DATA FOR PROCESSING
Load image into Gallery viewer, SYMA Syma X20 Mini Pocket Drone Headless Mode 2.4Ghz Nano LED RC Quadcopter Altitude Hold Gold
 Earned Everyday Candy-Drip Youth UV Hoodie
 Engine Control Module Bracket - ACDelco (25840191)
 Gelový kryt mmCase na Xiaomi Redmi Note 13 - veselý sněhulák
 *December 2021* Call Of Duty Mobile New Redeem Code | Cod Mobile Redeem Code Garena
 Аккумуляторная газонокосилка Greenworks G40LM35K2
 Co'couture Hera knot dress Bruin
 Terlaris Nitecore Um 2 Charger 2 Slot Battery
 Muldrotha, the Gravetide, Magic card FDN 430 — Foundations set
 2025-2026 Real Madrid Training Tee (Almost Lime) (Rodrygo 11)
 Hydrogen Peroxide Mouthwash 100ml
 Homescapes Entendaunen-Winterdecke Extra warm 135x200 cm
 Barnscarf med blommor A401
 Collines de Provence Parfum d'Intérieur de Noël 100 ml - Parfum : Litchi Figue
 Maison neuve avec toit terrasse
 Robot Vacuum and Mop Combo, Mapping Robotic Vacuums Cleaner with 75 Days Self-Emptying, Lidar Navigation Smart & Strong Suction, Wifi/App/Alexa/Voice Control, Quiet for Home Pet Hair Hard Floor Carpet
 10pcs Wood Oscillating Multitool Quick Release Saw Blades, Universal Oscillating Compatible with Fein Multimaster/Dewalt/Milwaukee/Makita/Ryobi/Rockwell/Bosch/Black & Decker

WORK REQUEST
The reply must consist solely of the lines from the one containing "Hydrogen Peroxide Mouthwash 100ml" through the last line in the material above, reproduced exactly.

RESULT OF THIS TASK
 Hydrogen Peroxide Mouthwash 100ml
 Homescapes Entendaunen-Winterdecke Extra warm 135x200 cm
 Barnscarf med blommor A401
 Collines de Provence Parfum d'Intérieur de Noël 100 ml - Parfum : Litchi Figue
 Maison neuve avec toit terrasse
 Robot Vacuum and Mop Combo, Mapping Robotic Vacuums Cleaner with 75 Days Self-Emptying, Lidar Navigation Smart & Strong Suction, Wifi/App/Alexa/Voice Control, Quiet for Home Pet Hair Hard Floor Carpet
 10pcs Wood Oscillating Multitool Quick Release Saw Blades, Universal Oscillating Compatible with Fein Multimaster/Dewalt/Milwaukee/Makita/Ryobi/Rockwell/Bosch/Black & Decker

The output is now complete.